_TASK TO COMPLETE_
The entries below are to be returned exactly. Include all of them.

Data excerpts:
————————
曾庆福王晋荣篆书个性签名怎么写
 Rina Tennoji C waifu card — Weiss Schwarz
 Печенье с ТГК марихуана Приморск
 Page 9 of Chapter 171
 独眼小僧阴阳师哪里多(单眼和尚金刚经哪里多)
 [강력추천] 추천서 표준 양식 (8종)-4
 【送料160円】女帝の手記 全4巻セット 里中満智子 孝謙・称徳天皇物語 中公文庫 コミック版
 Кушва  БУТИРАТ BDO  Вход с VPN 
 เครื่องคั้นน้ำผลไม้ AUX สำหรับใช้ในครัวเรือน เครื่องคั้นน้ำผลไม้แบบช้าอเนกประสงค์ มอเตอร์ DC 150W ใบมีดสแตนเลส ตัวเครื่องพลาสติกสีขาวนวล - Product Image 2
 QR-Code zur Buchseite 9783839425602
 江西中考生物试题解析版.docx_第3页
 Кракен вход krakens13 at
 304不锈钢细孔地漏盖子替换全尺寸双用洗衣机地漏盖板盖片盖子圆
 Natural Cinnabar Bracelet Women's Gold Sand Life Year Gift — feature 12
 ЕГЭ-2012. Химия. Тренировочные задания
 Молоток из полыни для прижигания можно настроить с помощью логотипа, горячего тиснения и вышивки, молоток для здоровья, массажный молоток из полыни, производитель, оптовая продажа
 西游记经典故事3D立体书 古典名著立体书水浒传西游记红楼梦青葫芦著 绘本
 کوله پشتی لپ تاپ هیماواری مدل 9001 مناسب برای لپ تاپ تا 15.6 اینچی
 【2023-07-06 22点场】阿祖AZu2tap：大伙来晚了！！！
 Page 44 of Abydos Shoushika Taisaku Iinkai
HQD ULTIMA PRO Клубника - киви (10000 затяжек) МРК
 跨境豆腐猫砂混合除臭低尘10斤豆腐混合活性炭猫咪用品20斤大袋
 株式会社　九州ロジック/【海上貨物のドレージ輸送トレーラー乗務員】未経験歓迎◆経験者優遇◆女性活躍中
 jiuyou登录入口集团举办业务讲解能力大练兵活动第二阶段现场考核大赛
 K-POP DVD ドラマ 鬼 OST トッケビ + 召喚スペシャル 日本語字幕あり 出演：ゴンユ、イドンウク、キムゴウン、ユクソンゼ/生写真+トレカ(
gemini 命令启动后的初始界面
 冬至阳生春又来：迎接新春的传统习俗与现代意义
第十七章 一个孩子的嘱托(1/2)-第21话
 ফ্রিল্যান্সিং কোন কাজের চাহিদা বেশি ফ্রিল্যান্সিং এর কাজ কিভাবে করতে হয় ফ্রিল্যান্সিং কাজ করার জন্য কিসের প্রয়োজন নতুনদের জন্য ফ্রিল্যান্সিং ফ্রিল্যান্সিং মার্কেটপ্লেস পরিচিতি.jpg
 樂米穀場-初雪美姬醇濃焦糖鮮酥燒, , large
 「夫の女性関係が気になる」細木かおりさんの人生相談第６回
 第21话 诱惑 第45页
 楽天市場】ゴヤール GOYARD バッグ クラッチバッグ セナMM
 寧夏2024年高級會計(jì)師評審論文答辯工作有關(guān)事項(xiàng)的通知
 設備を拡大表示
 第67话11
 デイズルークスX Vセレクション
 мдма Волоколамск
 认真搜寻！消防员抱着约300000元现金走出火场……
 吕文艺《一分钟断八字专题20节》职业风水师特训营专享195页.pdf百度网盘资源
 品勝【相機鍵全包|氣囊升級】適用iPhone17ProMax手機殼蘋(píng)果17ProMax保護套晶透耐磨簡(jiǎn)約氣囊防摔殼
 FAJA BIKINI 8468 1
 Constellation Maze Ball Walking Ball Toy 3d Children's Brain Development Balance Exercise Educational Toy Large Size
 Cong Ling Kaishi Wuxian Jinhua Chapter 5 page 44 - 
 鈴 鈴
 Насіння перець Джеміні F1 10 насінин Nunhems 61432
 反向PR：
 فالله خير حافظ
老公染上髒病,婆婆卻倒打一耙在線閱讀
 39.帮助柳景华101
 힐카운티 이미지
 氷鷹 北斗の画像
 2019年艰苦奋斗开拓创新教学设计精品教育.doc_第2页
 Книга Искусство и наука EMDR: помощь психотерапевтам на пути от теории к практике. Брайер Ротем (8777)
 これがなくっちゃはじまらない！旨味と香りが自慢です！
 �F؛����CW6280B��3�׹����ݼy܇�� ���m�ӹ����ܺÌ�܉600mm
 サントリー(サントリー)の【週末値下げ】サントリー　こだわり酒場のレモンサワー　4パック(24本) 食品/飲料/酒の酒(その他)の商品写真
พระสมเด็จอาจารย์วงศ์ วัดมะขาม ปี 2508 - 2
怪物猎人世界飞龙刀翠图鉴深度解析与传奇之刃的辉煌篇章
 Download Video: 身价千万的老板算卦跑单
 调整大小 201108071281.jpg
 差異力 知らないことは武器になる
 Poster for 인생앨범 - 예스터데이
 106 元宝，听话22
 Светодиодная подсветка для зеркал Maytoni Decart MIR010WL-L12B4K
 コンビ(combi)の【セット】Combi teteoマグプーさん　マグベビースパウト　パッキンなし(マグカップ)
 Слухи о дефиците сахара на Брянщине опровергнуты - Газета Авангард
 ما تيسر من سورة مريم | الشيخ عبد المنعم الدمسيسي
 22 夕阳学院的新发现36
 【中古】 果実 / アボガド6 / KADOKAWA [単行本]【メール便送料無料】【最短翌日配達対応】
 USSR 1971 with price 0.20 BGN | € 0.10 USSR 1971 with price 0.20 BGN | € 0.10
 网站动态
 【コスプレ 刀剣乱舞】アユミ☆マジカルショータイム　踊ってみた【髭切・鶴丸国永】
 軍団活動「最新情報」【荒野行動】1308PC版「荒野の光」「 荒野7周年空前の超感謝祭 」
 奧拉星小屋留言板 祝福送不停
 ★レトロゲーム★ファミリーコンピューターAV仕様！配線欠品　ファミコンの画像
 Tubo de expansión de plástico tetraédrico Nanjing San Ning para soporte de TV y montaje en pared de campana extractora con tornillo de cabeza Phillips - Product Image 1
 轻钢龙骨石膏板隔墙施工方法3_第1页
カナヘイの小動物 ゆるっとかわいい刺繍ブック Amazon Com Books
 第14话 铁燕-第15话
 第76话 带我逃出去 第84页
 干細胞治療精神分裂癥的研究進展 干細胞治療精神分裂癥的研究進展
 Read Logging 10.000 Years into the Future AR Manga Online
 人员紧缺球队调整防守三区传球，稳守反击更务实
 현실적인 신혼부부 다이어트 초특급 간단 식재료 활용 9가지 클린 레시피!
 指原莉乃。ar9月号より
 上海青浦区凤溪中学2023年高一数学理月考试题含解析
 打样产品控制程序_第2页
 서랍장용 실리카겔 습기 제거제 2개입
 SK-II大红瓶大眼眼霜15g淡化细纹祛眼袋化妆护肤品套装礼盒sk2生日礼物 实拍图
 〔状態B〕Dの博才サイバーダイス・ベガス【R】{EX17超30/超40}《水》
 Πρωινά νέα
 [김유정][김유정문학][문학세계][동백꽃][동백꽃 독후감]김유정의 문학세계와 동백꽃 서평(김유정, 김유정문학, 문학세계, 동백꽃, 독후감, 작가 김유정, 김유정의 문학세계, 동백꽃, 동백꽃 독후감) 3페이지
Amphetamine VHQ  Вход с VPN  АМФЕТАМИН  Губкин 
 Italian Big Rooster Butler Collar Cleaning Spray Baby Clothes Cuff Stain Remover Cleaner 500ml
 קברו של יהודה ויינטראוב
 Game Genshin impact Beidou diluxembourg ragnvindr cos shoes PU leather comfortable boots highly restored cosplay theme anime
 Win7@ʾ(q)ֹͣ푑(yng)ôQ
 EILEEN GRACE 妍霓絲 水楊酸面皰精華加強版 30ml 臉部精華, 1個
————————
_ANSWER BELOW_
曾庆福王晋荣篆书个性签名怎么写
 Rina Tennoji C waifu card — Weiss Schwarz
 Печенье с ТГК марихуана Приморск
 Page 9 of Chapter 171
 独眼小僧阴阳师哪里多(单眼和尚金刚经哪里多)
 [강력추천] 추천서 표준 양식 (8종)-4
 【送料160円】女帝の手記 全4巻セット 里中満智子 孝謙・称徳天皇物語 中公文庫 コミック版
 Кушва  БУТИРАТ BDO  Вход с VPN 
 เครื่องคั้นน้ำผลไม้ AUX สำหรับใช้ในครัวเรือน เครื่องคั้นน้ำผลไม้แบบช้าอเนกประสงค์ มอเตอร์ DC 150W ใบมีดสแตนเลส ตัวเครื่องพลาสติกสีขาวนวล - Product Image 2
 QR-Code zur Buchseite 9783839425602
 江西中考生物试题解析版.docx_第3页
 Кракен вход krakens13 at
 304不锈钢细孔地漏盖子替换全尺寸双用洗衣机地漏盖板盖片盖子圆
 Natural Cinnabar Bracelet Women's Gold Sand Life Year Gift — feature 12
 ЕГЭ-2012. Химия. Тренировочные задания
 Молоток из полыни для прижигания можно настроить с помощью логотипа, горячего тиснения и вышивки, молоток для здоровья, массажный молоток из полыни, производитель, оптовая продажа
 西游记经典故事3D立体书 古典名著立体书水浒传西游记红楼梦青葫芦著 绘本
 کوله پشتی لپ تاپ هیماواری مدل 9001 مناسب برای لپ تاپ تا 15.6 اینچی
 【2023-07-06 22点场】阿祖AZu2tap：大伙来晚了！！！
 Page 44 of Abydos Shoushika Taisaku Iinkai
HQD ULTIMA PRO Клубника - киви (10000 затяжек) МРК
 跨境豆腐猫砂混合除臭低尘10斤豆腐混合活性炭猫咪用品20斤大袋
 株式会社　九州ロジック/【海上貨物のドレージ輸送トレーラー乗務員】未経験歓迎◆経験者優遇◆女性活躍中
 jiuyou登录入口集团举办业务讲解能力大练兵活动第二阶段现场考核大赛
 K-POP DVD ドラマ 鬼 OST トッケビ + 召喚スペシャル 日本語字幕あり 出演：ゴンユ、イドンウク、キムゴウン、ユクソンゼ/生写真+トレカ(
gemini 命令启动后的初始界面
 冬至阳生春又来：迎接新春的传统习俗与现代意义
第十七章 一个孩子的嘱托(1/2)-第21话
 ফ্রিল্যান্সিং কোন কাজের চাহিদা বেশি ফ্রিল্যান্সিং এর কাজ কিভাবে করতে হয় ফ্রিল্যান্সিং কাজ করার জন্য কিসের প্রয়োজন নতুনদের জন্য ফ্রিল্যান্সিং ফ্রিল্যান্সিং মার্কেটপ্লেস পরিচিতি.jpg
 樂米穀場-初雪美姬醇濃焦糖鮮酥燒, , large
 「夫の女性関係が気になる」細木かおりさんの人生相談第６回
 第21话 诱惑 第45页
 楽天市場】ゴヤール GOYARD バッグ クラッチバッグ セナMM
 寧夏2024年高級會計(jì)師評審論文答辯工作有關(guān)事項(xiàng)的通知
 設備を拡大表示
 第67话11
 デイズルークスX Vセレクション
 мдма Волоколамск
 认真搜寻！消防员抱着约300000元现金走出火场……
 吕文艺《一分钟断八字专题20节》职业风水师特训营专享195页.pdf百度网盘资源
 品勝【相機鍵全包|氣囊升級】適用iPhone17ProMax手機殼蘋(píng)果17ProMax保護套晶透耐磨簡(jiǎn)約氣囊防摔殼
 FAJA BIKINI 8468 1
 Constellation Maze Ball Walking Ball Toy 3d Children's Brain Development Balance Exercise Educational Toy Large Size
 Cong Ling Kaishi Wuxian Jinhua Chapter 5 page 44 - 
 鈴 鈴
 Насіння перець Джеміні F1 10 насінин Nunhems 61432
 反向PR：
 فالله خير حافظ
老公染上髒病,婆婆卻倒打一耙在線閱讀
 39.帮助柳景华101
 힐카운티 이미지
 氷鷹 北斗の画像
 2019年艰苦奋斗开拓创新教学设计精品教育.doc_第2页
 Книга Искусство и наука EMDR: помощь психотерапевтам на пути от теории к практике. Брайер Ротем (8777)
 これがなくっちゃはじまらない！旨味と香りが自慢です！
 �F؛����CW6280B��3�׹����ݼy܇�� ���m�ӹ����ܺÌ�܉600mm
 サントリー(サントリー)の【週末値下げ】サントリー　こだわり酒場のレモンサワー　4パック(24本) 食品/飲料/酒の酒(その他)の商品写真
พระสมเด็จอาจารย์วงศ์ วัดมะขาม ปี 2508 - 2
怪物猎人世界飞龙刀翠图鉴深度解析与传奇之刃的辉煌篇章
 Download Video: 身价千万的老板算卦跑单
 调整大小 201108071281.jpg
 差異力 知らないことは武器になる
 Poster for 인생앨범 - 예스터데이
 106 元宝，听话22
 Светодиодная подсветка для зеркал Maytoni Decart MIR010WL-L12B4K
 コンビ(combi)の【セット】Combi teteoマグプーさん　マグベビースパウト　パッキンなし(マグカップ)
 Слухи о дефиците сахара на Брянщине опровергнуты - Газета Авангард
 ما تيسر من سورة مريم | الشيخ عبد المنعم الدمسيسي
 22 夕阳学院的新发现36
 【中古】 果実 / アボガド6 / KADOKAWA [単行本]【メール便送料無料】【最短翌日配達対応】
 USSR 1971 with price 0.20 BGN | € 0.10 USSR 1971 with price 0.20 BGN | € 0.10
 网站动态
 【コスプレ 刀剣乱舞】アユミ☆マジカルショータイム　踊ってみた【髭切・鶴丸国永】
 軍団活動「最新情報」【荒野行動】1308PC版「荒野の光」「 荒野7周年空前の超感謝祭 」
 奧拉星小屋留言板 祝福送不停
 ★レトロゲーム★ファミリーコンピューターAV仕様！配線欠品　ファミコンの画像
 Tubo de expansión de plástico tetraédrico Nanjing San Ning para soporte de TV y montaje en pared de campana extractora con tornillo de cabeza Phillips - Product Image 1
 轻钢龙骨石膏板隔墙施工方法3_第1页
カナヘイの小動物 ゆるっとかわいい刺繍ブック Amazon Com Books
 第14话 铁燕-第15话
 第76话 带我逃出去 第84页
 干細胞治療精神分裂癥的研究進展 干細胞治療精神分裂癥的研究進展
 Read Logging 10.000 Years into the Future AR Manga Online
 人员紧缺球队调整防守三区传球，稳守反击更务实
 현실적인 신혼부부 다이어트 초특급 간단 식재료 활용 9가지 클린 레시피!
 指原莉乃。ar9月号より
 上海青浦区凤溪中学2023年高一数学理月考试题含解析
 打样产品控制程序_第2页
 서랍장용 실리카겔 습기 제거제 2개입
 SK-II大红瓶大眼眼霜15g淡化细纹祛眼袋化妆护肤品套装礼盒sk2生日礼物 实拍图
 〔状態B〕Dの博才サイバーダイス・ベガス【R】{EX17超30/超40}《水》
 Πρωινά νέα
 [김유정][김유정문학][문학세계][동백꽃][동백꽃 독후감]김유정의 문학세계와 동백꽃 서평(김유정, 김유정문학, 문학세계, 동백꽃, 독후감, 작가 김유정, 김유정의 문학세계, 동백꽃, 동백꽃 독후감) 3페이지
Amphetamine VHQ  Вход с VPN  АМФЕТАМИН  Губкин 
 Italian Big Rooster Butler Collar Cleaning Spray Baby Clothes Cuff Stain Remover Cleaner 500ml
 קברו של יהודה ויינטראוב
 Game Genshin impact Beidou diluxembourg ragnvindr cos shoes PU leather comfortable boots highly restored cosplay theme anime
 Win7@ʾ(q)ֹͣ푑(yng)ôQ
 EILEEN GRACE 妍霓絲 水楊酸面皰精華加強版 30ml 臉部精華, 1個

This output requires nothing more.